DS4SD · cau-git · Nov 3, 2023 · Nov 3, 2023
diff --git a/examples/document_conversion_extract_tables/convert_tables_to_html.py b/examples/document_conversion_extract_tables/convert_tables_to_html.py
@@ -0,0 +1,245 @@
+# Copyright IBM Inc. All rights reserved.
+#
+# SPDX-License-Identifier: MIT
+#
+
+"""
+This script converts the output of DeepSearch document conversion into a set of HTML tables.
+
+$ python convert_tables_to_html.py --help
+
+ Usage: convert_tables_to_html.py [OPTIONS]
+
+╭─ Options ───────────────────────────────────────────────────────────────────────────────────────────────────────────╮
+│ *                 -i      PATH        Input directory with converted documents [default: None] [required]           │
+│ *                 -o      PATH        Output directory where tables are saved [default: None] [required]            │
+│    --mode                 [zip|json]  Scan for converted zip files or for document JSON files as input              │
+│                                       [default: FileInputMode.zip]                                                  │
+│    --struct-only  -s                  Suppress cell content in HTML output                                          │
+│    --help                             Show this message and exit.                                                   │
+╰─────────────────────────────────────────────────────────────────────────────────────────────────────────────────────╯
+
+
+For example, run as
+$ python convert_tables_to_html.py -i ./converted_docs/ -o ./html/ --mode zip
+"""
+
+import json
+from enum import Enum
+from pathlib import Path
+from typing import Annotated
+from zipfile import BadZipFile, ZipFile
+
+import typer
+
+
+class FileInputMode(str, Enum):
+    zip = "zip"
+    json = "json"
+
+
+def get_tablecell_span(cell, ix):
+    span = set([s[ix] for s in cell["spans"]])
+    if len(span) == 0:
+        return 1, None, None
+    return len(span), min(span), max(span)
+
+
+def write_table(item, struct_only=False):
+    """
+    Convert the JSON table representation to HTML, including column and row spans.
+
+    Parameters
+    ----------
+    item :
+        JSON table
+    """
+
+    table = item
+    body = ""
+
+    nrows = table["#-rows"]
+    ncols = table["#-cols"]
+
+    body += "<table>"
+    for i in range(nrows):
+        body += "<tr>"
+        for j in range(ncols):
+            cell = table["data"][i][j]
+
+            rowspan, rowstart, rowend = get_tablecell_span(cell, 0)

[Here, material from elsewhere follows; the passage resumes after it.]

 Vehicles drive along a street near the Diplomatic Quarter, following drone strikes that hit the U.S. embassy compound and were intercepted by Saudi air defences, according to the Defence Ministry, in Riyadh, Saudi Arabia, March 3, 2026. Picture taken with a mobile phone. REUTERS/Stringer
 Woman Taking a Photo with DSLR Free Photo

+            colspan, colstart, colend = get_tablecell_span(cell, 1)
+
+            if rowstart is not None and rowstart != i:
+                continue
+            if colstart is not None and colstart != j:
+                continue
+
+            if rowstart is None:
+                rowstart = i
+            if colstart is None:
+                colstart = j
+
+            content = cell["text"].strip()

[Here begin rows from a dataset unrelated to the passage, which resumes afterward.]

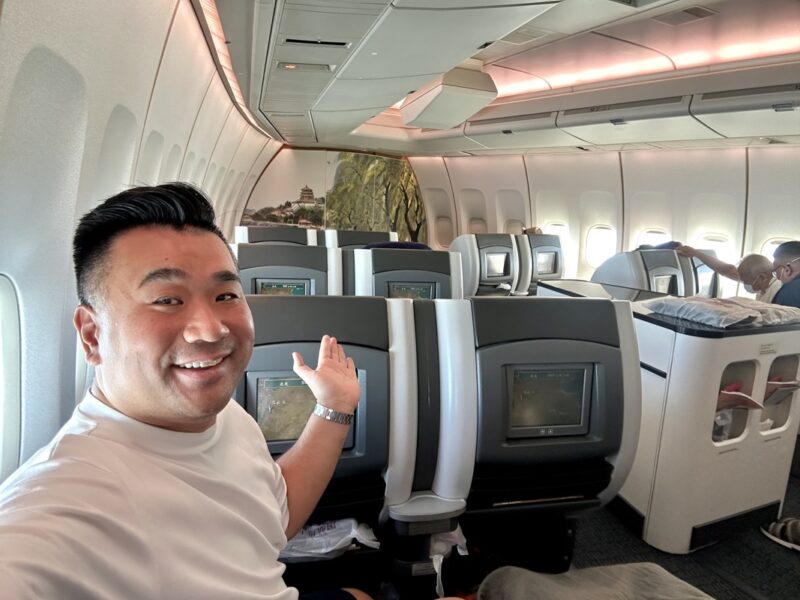 a man waving in an airplane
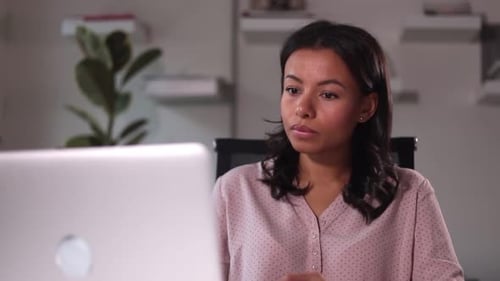 Young Woman Working at Home on Laptop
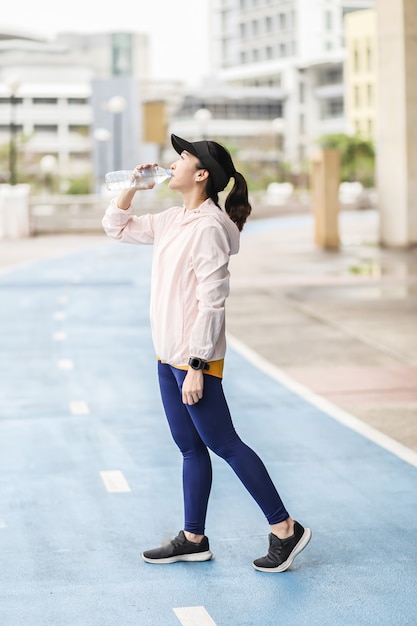 Foto una mujer asiática joven y activa que está bebiendo la botella de agua.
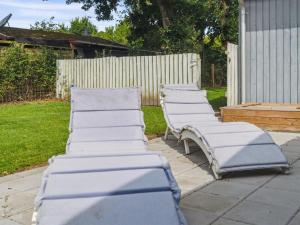 a group of lounge chairs sitting on a patio at Holiday Home Salvina - 300m from the sea by Interhome in Odder +18 photos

+            # if content == '':
+            #    content = '&nbsp;'
+
+            label = cell["type"]
+            label_class = "body"
+            if label in ["row_header", "row_multi_header", "row_title"]:
+                label_class = "header"
+            elif label in ["col_header", "col_multi_header"]:
+                label_class = "header"
+
+            # celltag = 'th' if label_class == 'header' else 'td'
+            celltag = "td"
+            # style = 'style="text-align: center;"' if label_class == "header" else ""
+
+            opening_tag = f"{celltag}"
+            # if style:
+            #    opening_tag += f' {style}'
+            if rowspan > 1:
+                opening_tag += f' rowspan="{rowspan}"'
+            if colspan > 1:
+                opening_tag += f' colspan="{colspan}"'
+
+            body += f'<{opening_tag}>{content if not struct_only else ""}</{celltag}>'
+
+        body += "</tr>"
+
+    body += "</table>"
+
+    return body
+
+
+def wrap_html(tabstr):
+    struct_html = (
+        """<html>
+    <head>
+    <meta charset="UTF-8">
+    <style>
+    table, th, td {
+        border: 1px solid black;
+        font-size: 10px;
+    }
+    </style>
+    </head>
+    <body>
+    """
+        + tabstr
+        + """
+    </body>
+    </html>"""
+    )
+    return struct_html
+
+
+def extract_tables_from_json_doc(
+    document: dict, output_dir: Path, structure_only: bool
+):
+    """
+    Iterate through the converted document format and extract the figures as PNG files
+
+    Parameters
+    ----------
+    document :
+        The converted document from Deep Search.
+    output_dir : Path
+        Output directory where all extracted images will be saved.
+    """
+
+    output_base = output_dir / Path(document["file-info"]["filename"]).stem
+
+    page_counters = {}
+
+    # Iterate through all the tables identified in the converted document
+    for table in document.get("tables", []):
+        prov = table["prov"][0]
+        page = prov["page"]
+        page_counters.setdefault(page, 0)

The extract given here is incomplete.